A Forma da Água não questiona nenhum dos estereótipos que assolam a vida em comunidade. Ao contrário, vale-se deles, fortalecendo-os em sua condição de vítimas, para acrescentar um novo estereótipo à lista: o Homem Branco Ocidental como o culpado de todos os males. E ninguém melhor para representar esse grupo de opressores do que o Coronel Richard Strickland (a propósito, foi graças ao talento do ator Michael Shannon que o personagem não caiu num ridículo vexaminoso). Como em toda narrativa maniqueísta, é um vilão plano e previsível, perdido em conceitos religiosos confusos e doido para exterminar tudo que seja estranho ao modo de vida americano.
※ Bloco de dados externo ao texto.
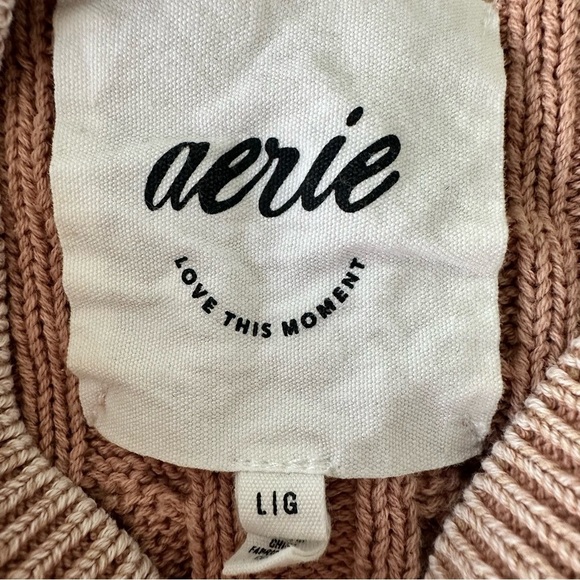 Aerie Mini Cable Cropped Crew Neck Sweater Beach Dune Size Large - Picture 10 of 11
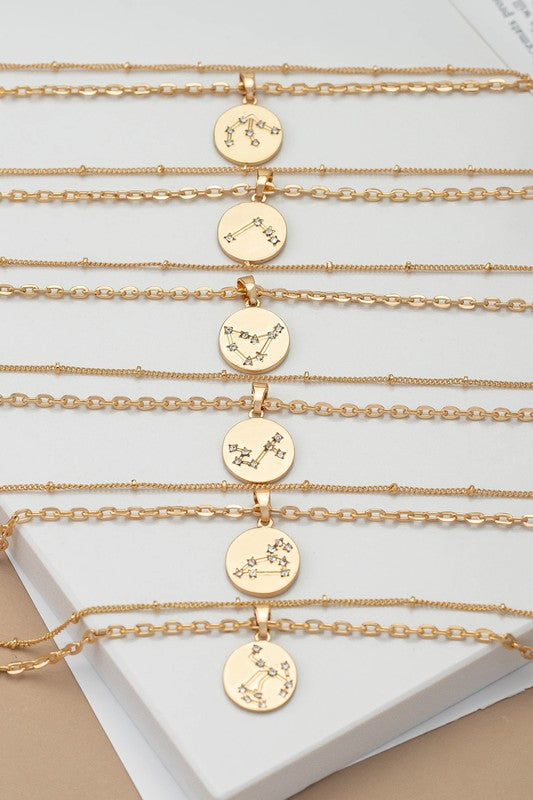 Zodiac Sign Pendant | Rhinstone | Necklace jewelry LA3accessories Aquarius one size 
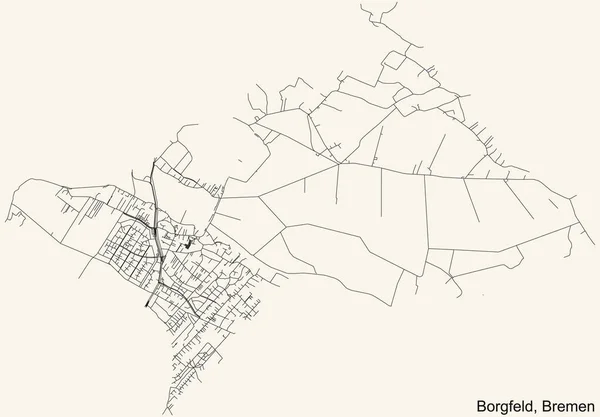 Schwarze Einfache Detaillierte Straßenkarte Auf Beigem Hintergrund Des Stadtteils Borgfeld — Stockvektor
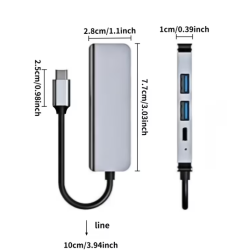 Hub USB Tipo-C 4 en 1 HDMI 4K 2 USB 3.0
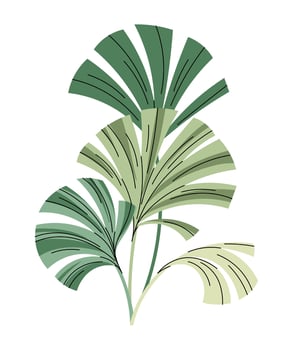Tropical plant on white background. Exotic leaves illustration in flat cartoon style. Children s plant illustration for clothing design, wallpaper, greeting cards, etc. vector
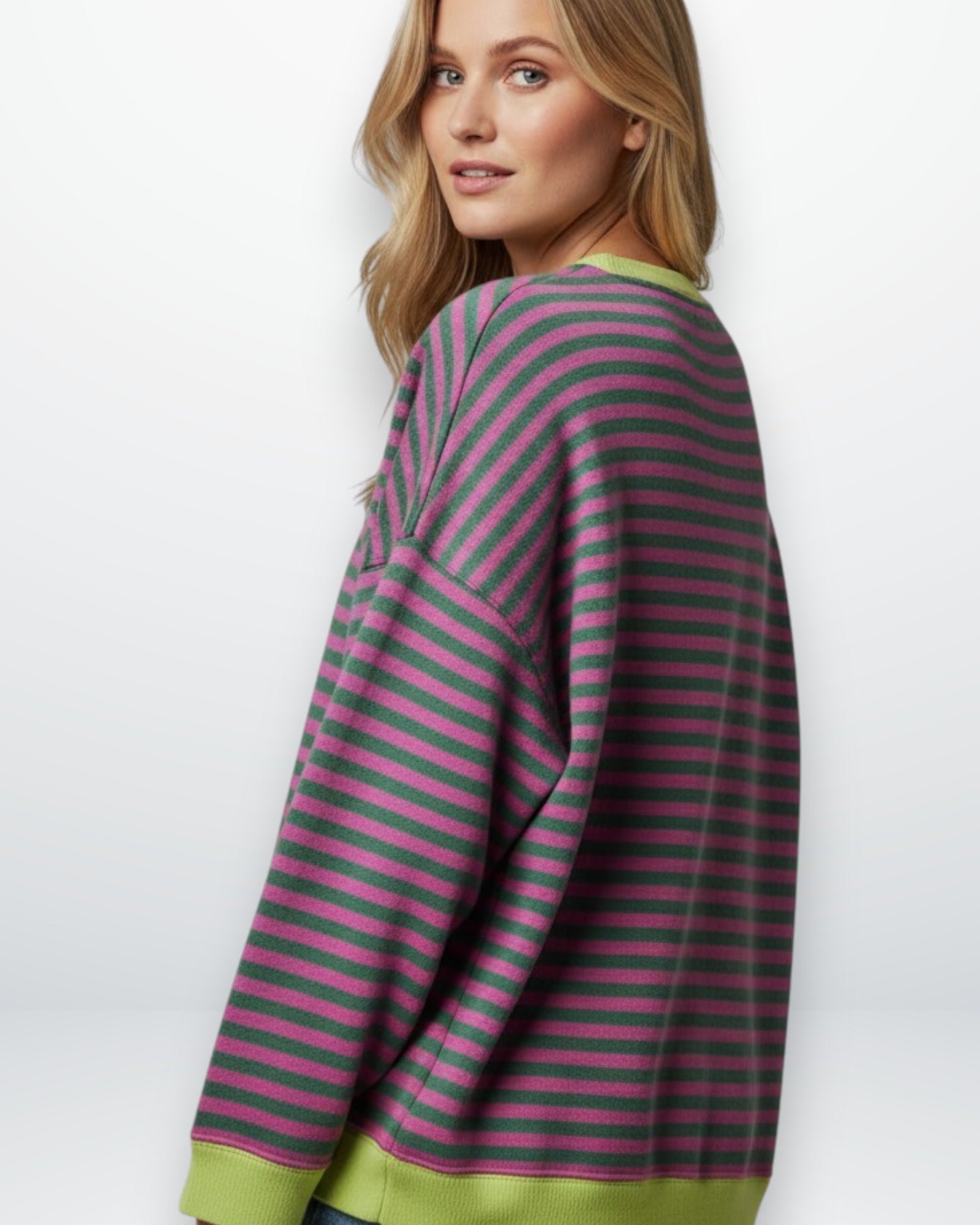 Oversized Striped Sweatshirt for Women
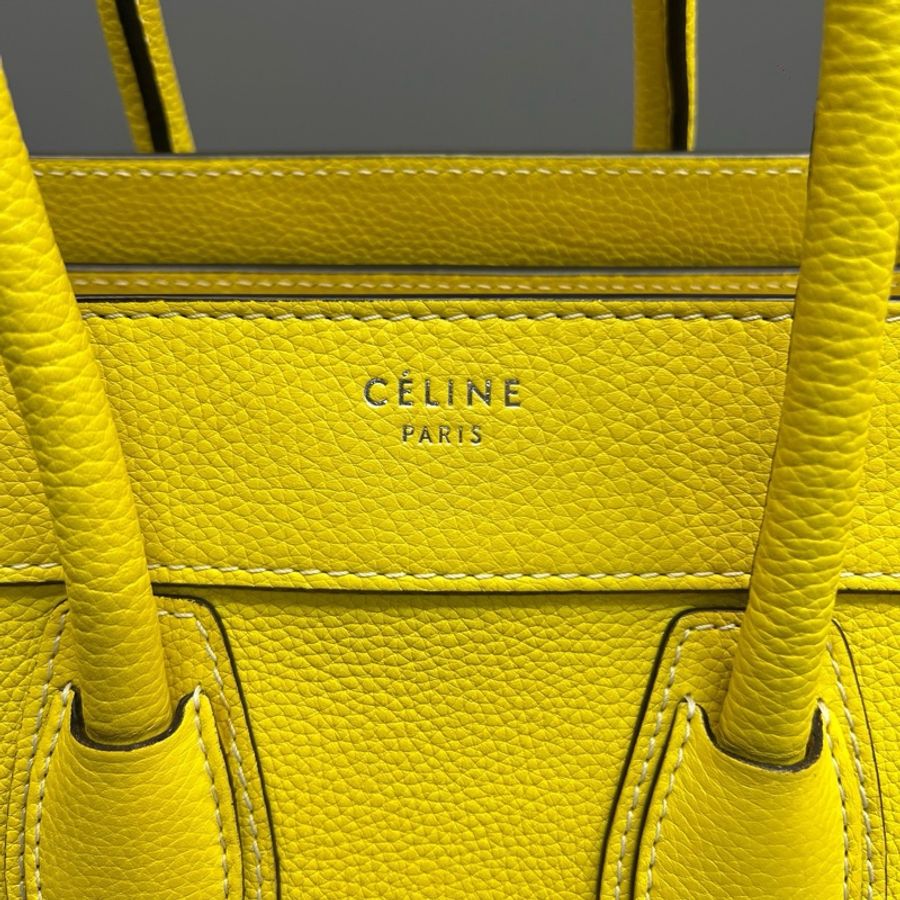Celine賽琳 黃色全皮笑臉包 成色98新-6
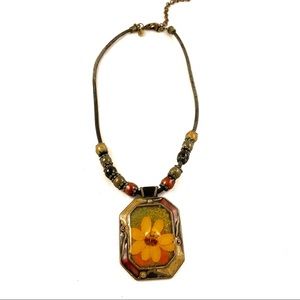Pressed Flower in Epoxy Statement Necklace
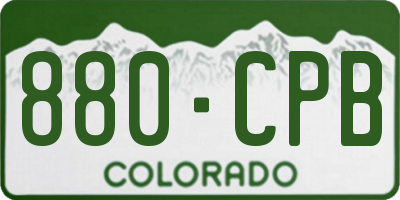 CO license plate 880CPB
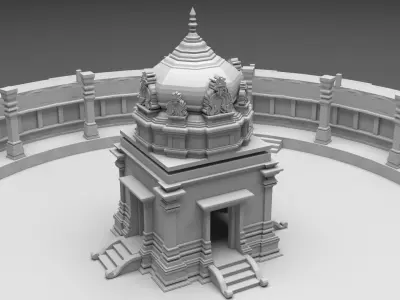 Circular shiva temple with 64 gods around 3D model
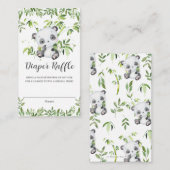 かわいいパンダ緑の赤ちゃんシャワーおむつラッフル エンクロージャーカード (正面/裏面)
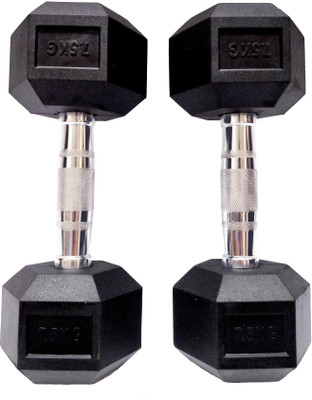 HouseOfCommon 7.5 Kg Hex Dumbbells (Pair) Fixed Weight Dumbbell(7.5 kg)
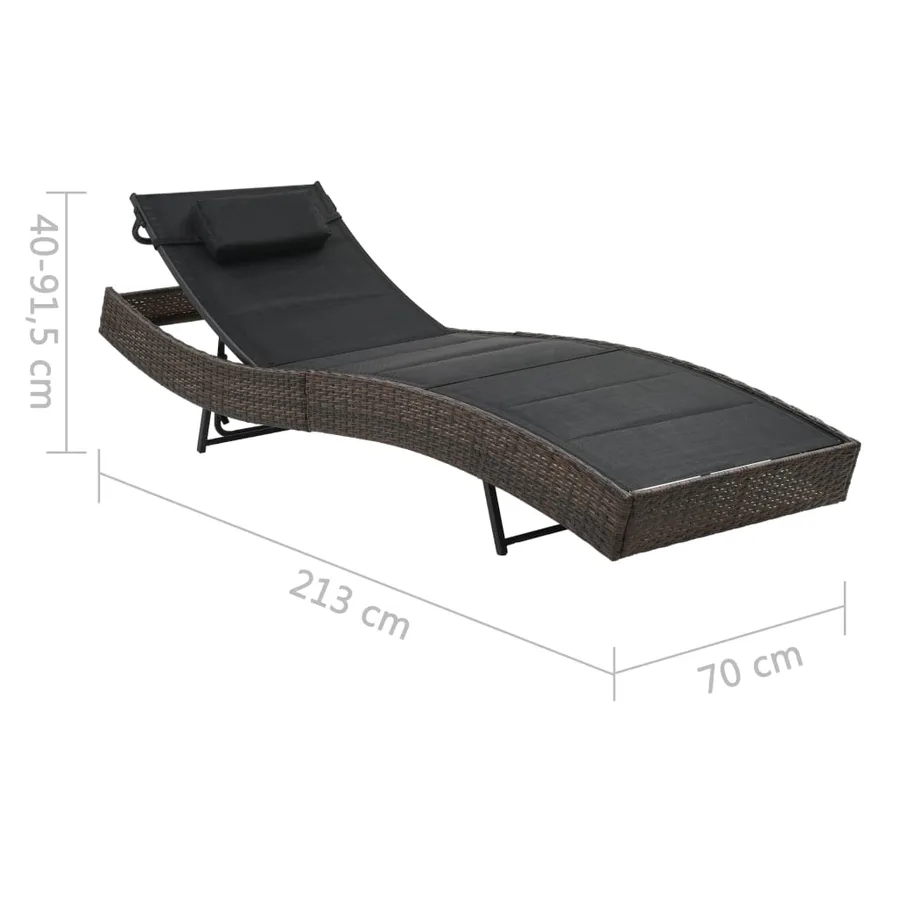 Sun Lounger Poly Rattan and Textilene Brown - 6
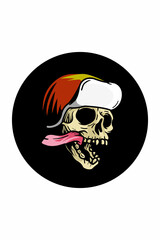 Skull with hat vector illustration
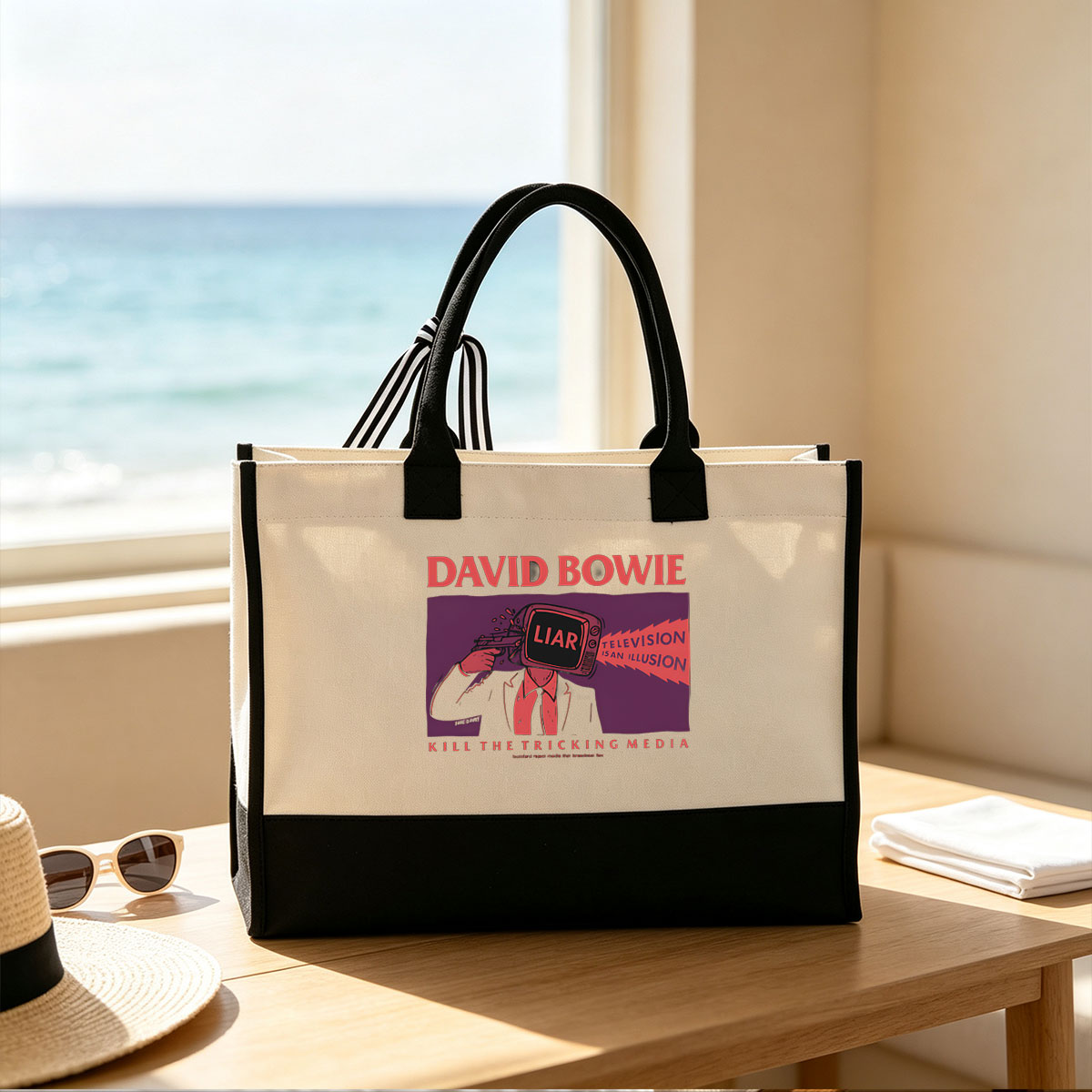 David Bowie: Liar Television is an Illusion – Kill the Tricking Media - Canvas patchwork gift tote bag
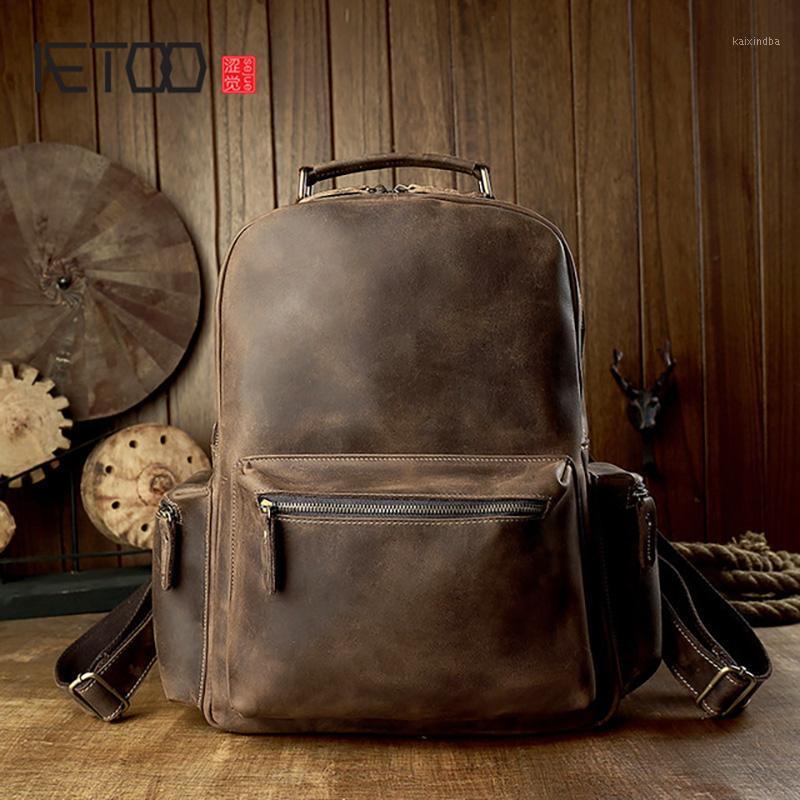 

AETOO Simple leather backpack, men's fashion trend crazy horse leather backpack, men's computer travel bag1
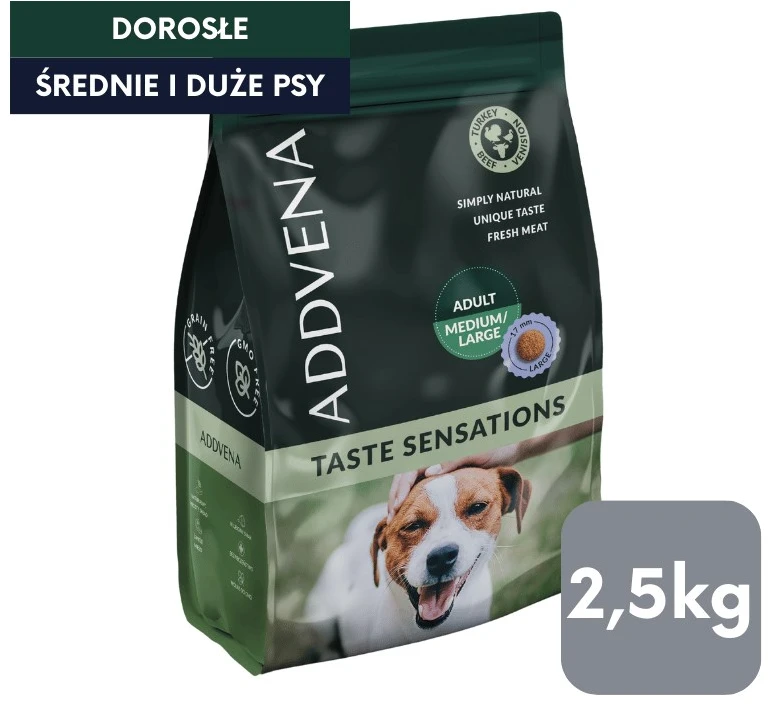 Šunų maistas - ADDVENA Taste Sensations Suaugusiųjų Vidutinio/Didelio Kalakutienos 2.5kg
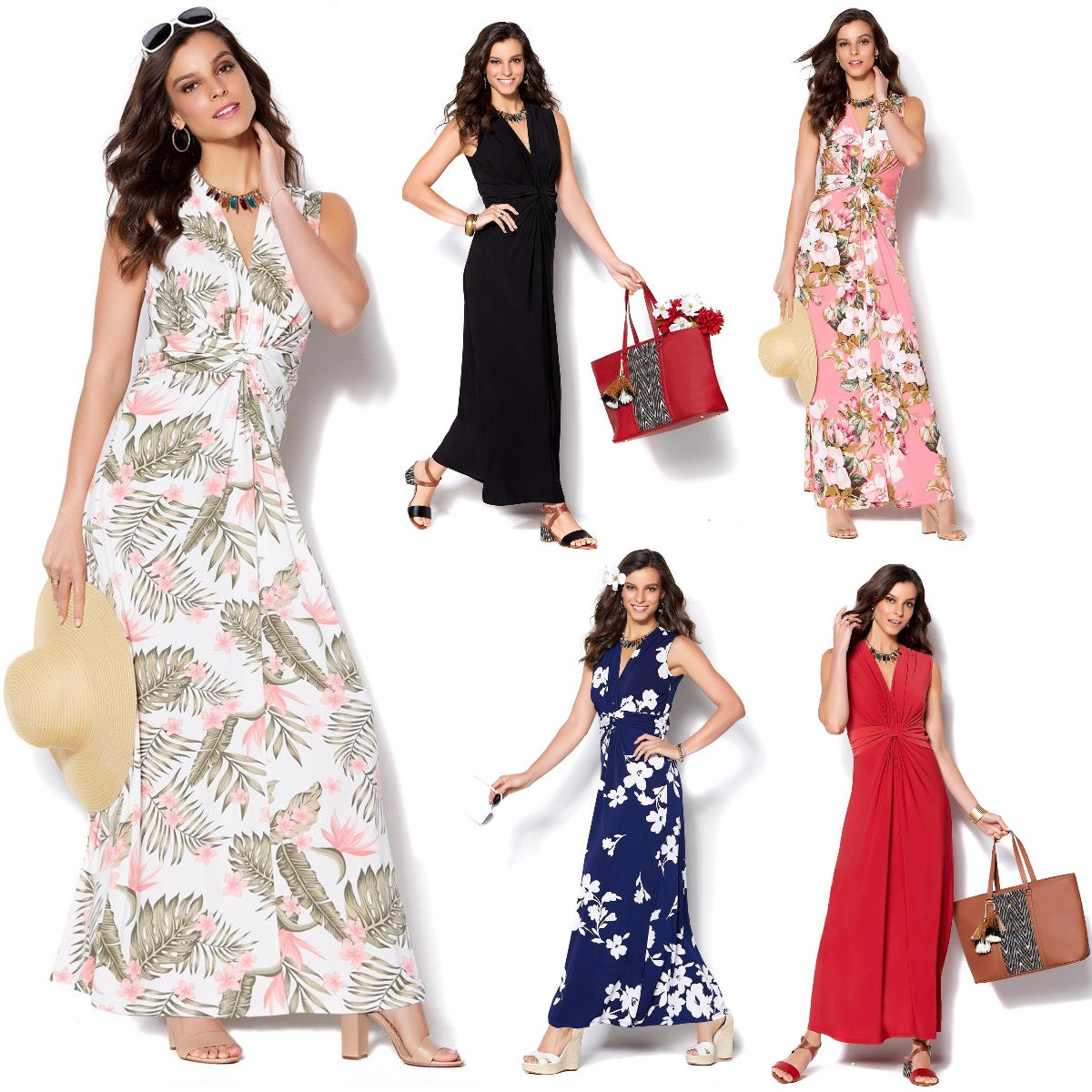 IMAN Global Chic Luxury Resort Knockout Maxi Dress and Necklace Navy Floral / 2X IMAN Global Chic Luxury Resort Knockout Maxi Dress and Necklace Navy Floral / 2X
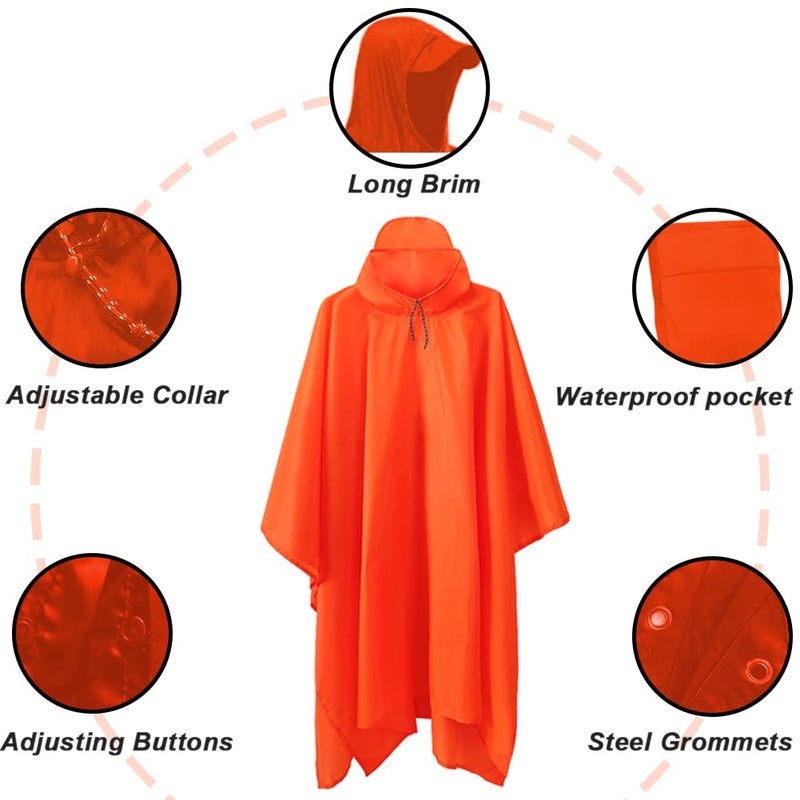 Hooded Rain Poncho with Pocket Waterproof Lightweight Reusable Unisex Raincoat for Hiking Camping Outdoor Work - Image 3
Ao contrário da heroína e da criatura das águas, que só precisam de um ovo cozido para se comunicar, Strickland não sente sabor na omelete que diariamente recebe da esposa. Tem um lindo casal de filhos, mas só o menino se aproxima dele (sugestão subliminar de pedofilia?). Em desrespeito a qualquer cartilha de disciplina militar, usa um bastão de choque fálico para — sem a menor necessidade — torturar a criatura e colocar-se perigosamente ao seu alcance. Na cena mais deslocada e inverossímil do filme, comete assédio contra a faxineira muda. De novo: ele não seria vilão o suficiente se não operasse todos os clichês de homem sujo e destruidor.

Mesmo que o filme tente se vender como um canto de louvor à diversidade, trai a si mesmo ao plagiar pela metade a animação Shrek — e não a peça de Paul Zindel, como estão dizendo por aí. A história do monstro e da faxineira deveria representar a vitória do amor entre os diferentes, mas na última cena descobrimos que o filme apenas reafirma a mentira preconceituosa que pretende criticar: os finais felizes só existem entre os iguais! Se é fácil imaginar o que Pirandello diria de sua peça 100 anos depois, não dá para prever o que Del Toro dirá do filme em 10 anos, quando ficar claro o oportunismo panfletário da sua bomba d’água.